Todavia, a atividade dos arquivistas, em
princípio, afronta direitos e garantias fundamentais
estabelecidos na Constituição Federal, o que implica
deduzir que a sua existência está condicionada a
ponderação de interesses e valores constitucionais.
Afirma Leonardo Roscoe Bessa:
As normas constitucionais
possuem caráter polissêmico e aberto, congregam
direitos, valores e princípios diversos e conflitantes e estão
no mesmo nível hierárquico. O legislador, em sua
atividade conformadora e restritiva, deve ponderar todos os bens em
jogo, atendendo-se especialmente ao princípio da
proporcionalidade. [1]
Portanto, as normas presentes na
Carta Magna muitas vezes dispõem sobre direitos conflitantes,
localizados no mesmo patamar hierárquico, de modo que, para
solucionar o problema, exige-se a intervenção do
princípio da proporcionalidade, que surge como veículo
através do qual se busca limitar certos valores em função
de outros, cuja importância se sobrepõe em um dado
contexto social.
O princípio da proporcionalidade,
originado no Direito Alemão, não tem previsão
expressa na nossa Constituição Federal, embora
reconhecido e aceito pela doutrina nacional. A aplicação
de tal princípio, na existência de confronto entre
valores, implica em aceitar um valor e rejeitar o mínimo
possível o outro.
A Constituição
Federal, no Título II, Dos Direitos e Garantias Fundamentais,
em seu art. 5, inciso X, dispõe: “São invioláveis
a intimidade, a vida privada, a honra e a imagem das pessoas,
assegurado o direito a indenização pelo dano material
ou moral decorrente de sua violação.”
Ora,
evidente que o arquivo e divulgação de informações
negativas acerca da idoneidade de um indivíduo perante o
comércio ofende sua honra, sua imagem social, invade sua
privacidade e transpassa sua intimidade. São esses, pois,
valores fundamentais. Então, como a atividade dos bancos de
dados de proteção ao crédito pode ser legitimada
se, em princípio, viola tais direitos? A resposta pode ser
verificada justamente através da ponderação dos
interesses constitucionais.
Alexander de Morais, na página
02 do seu livro Direito Constitucional, denominando de forma
diferente o princípio da proporcionalidade, coloca que:
Os
direitos e garantias fundamentais consagrados pela Constituição
Federal, portanto, não são ilimitados, uma vez que
encontram seus limites nos demais igualmente consagrados pela Carta
Magna (princípio da relatividade ou convivência das
liberdades públicas).;
e completa:
[...]
quando houver conflito entre dois ou mais direitos ou garantias
fundamentais, o intérprete deve utilizar-se do princípio
da concordância prática ou da harmonização
de forma a organizar e combinar os bens jurídicos em conflito,
evitando o sacrifício total de uns em relação
aos outros, realizando uma redução proporcional do
âmbito de alcance de cada qual...
Assim como os
preceitos fundamentais constantes do art. 5, inciso X, da
Constituição Federal da República, devem ser
primordialmente respeitados e promovidos como objetivos essenciais à
consecução dos interesses da nação
brasileira, assim também os princípios inerentes à
ordem econômica, constantes dos arts. 170 à 181, que
compõem exigências indispensáveis para o
desenvolvimento do país, merecem a devida atenção.

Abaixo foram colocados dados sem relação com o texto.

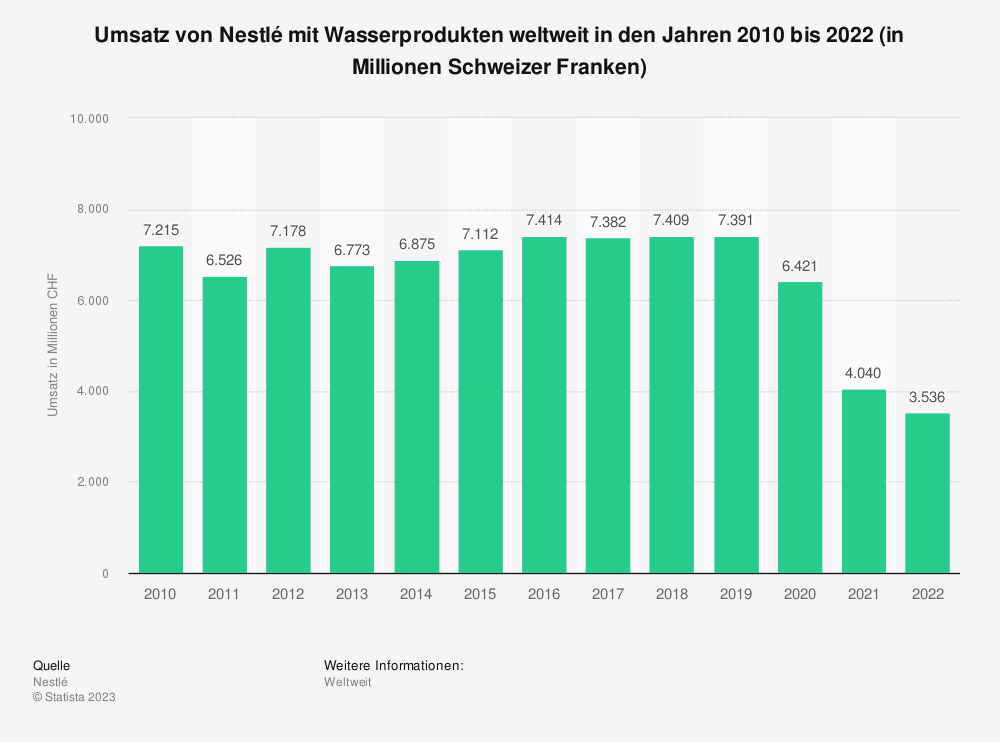 Statistik: Umsatz von Nestlé mit Wasserprodukten in den Jahren 2010 bis 2022 (in Millionen Schweizer Franken)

O art. 170, da Constituição Federal preconiza,
in verbis:
Art. 170. A ordem econômica, fundada na
valorização do trabalho humano e na livre iniciativa,
tem por fim assegurar a todos existência digna, conforme os
ditames da justiça social, observados os seguintes
princípios:
[...]
Os bancos de dados de
proteção ao crédito retiram do anonimato os
consumidores inadimplentes, auxiliando os fornecedores na avaliação
dos riscos para concessão do crédito, conduzindo à
agilidade das transações efetivadas entre as partes nas
relações de consumo, de modo que favorece o sistema
econômico baseado na livre iniciativa, como o do Brasil. Esse
fundamento confere, portanto, independentemente de expressa menção
constitucional, elevada importância a qualquer atividade que
proteja o comércio, por este representar o sustentáculo
do crescimento econômico. Assim são as atividades
exercidas pelas entidades arquivistas. Sem os arquivos de consumo, a
relação de garantia ao crédito restaria
fatalmente fragilizada.
Os valores constitucionais relativos
à honra, privacidade, intimidade e imagem dos indivíduos
devem ser analisados em face da existência de outros interesses
constitucionais também importantes, exigindo-se, pois,
relativa ponderação, visando o alcance de maior número
de benefícios à sociedade, considerando os objetivos
fundamentais da República estabelecidos no texto
constitucional.
Constituem objetivos fundamentais da
República Federativa do Brasil, conforme o art. 3º, da
Constituição Federal: I – constituir uma
sociedade livre, justa e solidária; II – garantir o
desenvolvimento nacional; III – erradicar a pobreza e a
marginalização e reduzir as desigualdades sociais e
regionais; IV – promover o bem de todos, sem preconceitos de
origem, raça, sexo, cor, idade e quaisquer outras formas de
discriminação.
É incontestável
que a liberdade de um indivíduo, imbuído nesse contexto
capitalista, somente pode ser efetivada se existir a possibilidade de
o sujeito estar inserido dentro da realidade de consumo. Sabe-se que
a sociedade brasileira, segmentada que é em classes sociais
distantes umas das outras, onde verifica-se grande concentração
de renda nas mãos de poucos, possui uma grande massa de
indivíduos que não podem adquirir os produtos
fornecidos pelo mercado, senão através do crédito.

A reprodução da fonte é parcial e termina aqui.